La qualité de l’offre résidentielle et urbaine est de plus en plus prise en compte par les entreprises qui souhaitent implanter un nouvel établissement dans une agglomération. De la qualité de cette offre dépend, en effet, la capacité de ces entreprises à attirer et stabiliser leur main-d’œuvre sur place, et cela d’autant plus que celle-ci est qualifiée.

On a longtemps pensé que le travail allait vers le capital. Il semble que ce soit maintenant l’inverse 5. Les villes qui réussissent ne seraient pas celles qui attirent les investissements, mais celles qui attirent d’abord les talents. La baisse des coûts de communication et de déplacement entraîne une profonde révision des paramètres de l’implantation géographique. Si les choix de localisation des firmes demeurent structurants, à moyen terme ce sont les choix résidentiels, notamment des plus « talentueux », qui deviennent déterminants. La qualité de vie, pour les mieux dotés, devenue donnée centrale, fait primer l’infrastructure immatérielle sur l’infrastructure matérielle.

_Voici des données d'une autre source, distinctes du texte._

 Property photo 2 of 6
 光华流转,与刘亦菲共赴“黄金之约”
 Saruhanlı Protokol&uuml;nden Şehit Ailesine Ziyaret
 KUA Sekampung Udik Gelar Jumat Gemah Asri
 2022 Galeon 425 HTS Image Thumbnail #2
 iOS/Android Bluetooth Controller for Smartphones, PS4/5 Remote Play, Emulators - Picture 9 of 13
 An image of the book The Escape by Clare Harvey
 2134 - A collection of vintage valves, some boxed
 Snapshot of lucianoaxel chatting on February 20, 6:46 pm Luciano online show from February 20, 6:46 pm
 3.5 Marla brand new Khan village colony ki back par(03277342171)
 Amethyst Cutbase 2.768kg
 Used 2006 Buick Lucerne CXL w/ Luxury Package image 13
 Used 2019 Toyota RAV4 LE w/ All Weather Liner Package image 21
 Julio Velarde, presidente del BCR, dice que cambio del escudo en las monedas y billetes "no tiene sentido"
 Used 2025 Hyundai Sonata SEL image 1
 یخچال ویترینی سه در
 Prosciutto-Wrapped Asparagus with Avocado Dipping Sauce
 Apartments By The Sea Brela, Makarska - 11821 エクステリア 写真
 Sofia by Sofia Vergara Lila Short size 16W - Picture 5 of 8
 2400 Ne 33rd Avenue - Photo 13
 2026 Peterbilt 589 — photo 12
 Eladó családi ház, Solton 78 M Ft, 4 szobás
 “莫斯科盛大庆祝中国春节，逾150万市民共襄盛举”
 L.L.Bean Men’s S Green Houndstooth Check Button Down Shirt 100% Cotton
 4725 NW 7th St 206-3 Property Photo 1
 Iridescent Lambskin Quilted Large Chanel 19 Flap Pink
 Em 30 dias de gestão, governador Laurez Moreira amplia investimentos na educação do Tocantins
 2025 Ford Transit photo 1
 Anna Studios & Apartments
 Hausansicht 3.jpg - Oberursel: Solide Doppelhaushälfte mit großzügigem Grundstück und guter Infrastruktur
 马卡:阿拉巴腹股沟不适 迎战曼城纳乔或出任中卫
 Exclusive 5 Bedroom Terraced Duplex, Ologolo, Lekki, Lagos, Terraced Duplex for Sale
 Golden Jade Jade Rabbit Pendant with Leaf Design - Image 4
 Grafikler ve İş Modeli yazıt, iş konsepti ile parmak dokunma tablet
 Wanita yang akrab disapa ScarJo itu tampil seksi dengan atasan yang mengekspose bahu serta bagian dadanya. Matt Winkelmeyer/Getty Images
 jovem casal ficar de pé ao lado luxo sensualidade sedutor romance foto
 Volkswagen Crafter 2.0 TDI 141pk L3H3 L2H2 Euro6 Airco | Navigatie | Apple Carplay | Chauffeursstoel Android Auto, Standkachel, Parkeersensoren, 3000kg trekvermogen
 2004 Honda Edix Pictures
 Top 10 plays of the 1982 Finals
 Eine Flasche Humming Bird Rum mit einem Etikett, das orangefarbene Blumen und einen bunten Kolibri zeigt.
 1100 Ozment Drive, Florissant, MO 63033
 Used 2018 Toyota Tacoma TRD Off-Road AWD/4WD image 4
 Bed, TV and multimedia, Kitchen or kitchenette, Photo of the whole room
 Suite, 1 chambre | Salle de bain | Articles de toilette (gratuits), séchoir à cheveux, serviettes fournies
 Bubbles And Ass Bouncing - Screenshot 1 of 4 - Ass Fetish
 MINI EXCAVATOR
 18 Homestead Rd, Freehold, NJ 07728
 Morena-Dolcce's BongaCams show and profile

Surgit, pour finir, la quadrature du cercle de la ville durable. Si, bien entendu, tout peut être conciliable dans les discours, il n’existe pas d’équilibre local parfait entre les trois grands enjeux du développement durable : le défi économique (attirer des emplois et des ressources), le défi social (permettre la cohabitation de différentes catégories d’habitants) et les grands défis environnementaux. D’où une compétition de communication mais aussi de réalisations afin de se présenter sous un jour propice. Et une guerre infinie, faite d’images, d’investissements et de déplacements.


NEW YORK ET LES DEUX THÉORIES DE L’ATTRACTIVITÉ

Les théories de l’attractivité s’organisent autour de deux pôles. D’un côté, le géographe star Richard Florida estime que l’attractivité d’une ville procède d’une règle des 3 T (tolérance, technologie, transports). C’est l’offre de mobilité, la mobilisation des nouvelles technologies et l’acceptation de modes de vie différents qui permettent d’attirer les talents. L’expert a récemment ajouté un quatrième T, celui de territoire, pour bien prendre en compte le déterminant territorial essentiel qu’est la géographie.

D’un autre côté, l’économiste libéral Edward Glaeser estime que la première condition de l’attractivité est la sécurité, suivie de l’initiative privée, de la mobilité et du développement des universités. Aux 3 T répondent, avec Edward Glaeser, les 3 C de l’attractivité urbaine : concurrence (comme source d’émulation), connexions (matérielles et immatérielles), capital humain (à attirer et sécuriser). On peut forcer le trait à partir de l’exemple de New York. Comment expliquer le succès d’une ville qui, dans les années 1970, incarnait la violence et la faillite économique ? Deux mugs incarnent l’alternative. Sur le premier, le célèbre slogan « I love New York », inventé dans les années 1970 et repris partout dans le monde. Ce mug, à rapprocher des prescriptions de Richard Florida, représente le marketing urbain qui vise à changer l’image de la ville. Le deuxième mug, à rapprocher d’Edward Glaeser, provient du département de police de New York. Celui-ci est connu pour sa politique de tolérance zéro, politique discutée mais qui a accompagné la spectaculaire baisse de la criminalité à New York. Un mug pour l’image d’ouverture et de tolérance, un mug pour l’image de tolérance zéro et de répression. Tout le champ des possibles en matière d’attractivité.



À lire : Richard Florida, Who’s your city ? How the creative economy is making where to live the most important decision of your life, Basic Books, 2008 ; Edward Glaeser, Des villes et des hommes. Enquête sur un mode de vie planétaire, Flammarion, 2011.


  1. Au sujet du détachement, voir Philippe Sanson, « Organiser la libre circulation : le cas du détachement », Constructif, no 52, 2019.
  2. En ce sens, voir Martin Hirsch, Sécu : objectif monde. Le défi universel de la protection sociale, Stock, 2011.
  3. www.mercer.fr/newsroom/classement-2019-mercer-qualite-de-vie.html.
  4. Voir Julien Damon, Thierry Paquot, Les 100 mots de la ville, PUF, 2014.
  5. Voir, plus largement, Pierre Veltz, La société hyper-industrielle. Le nouveau capitalisme productif, Seuil, 2017.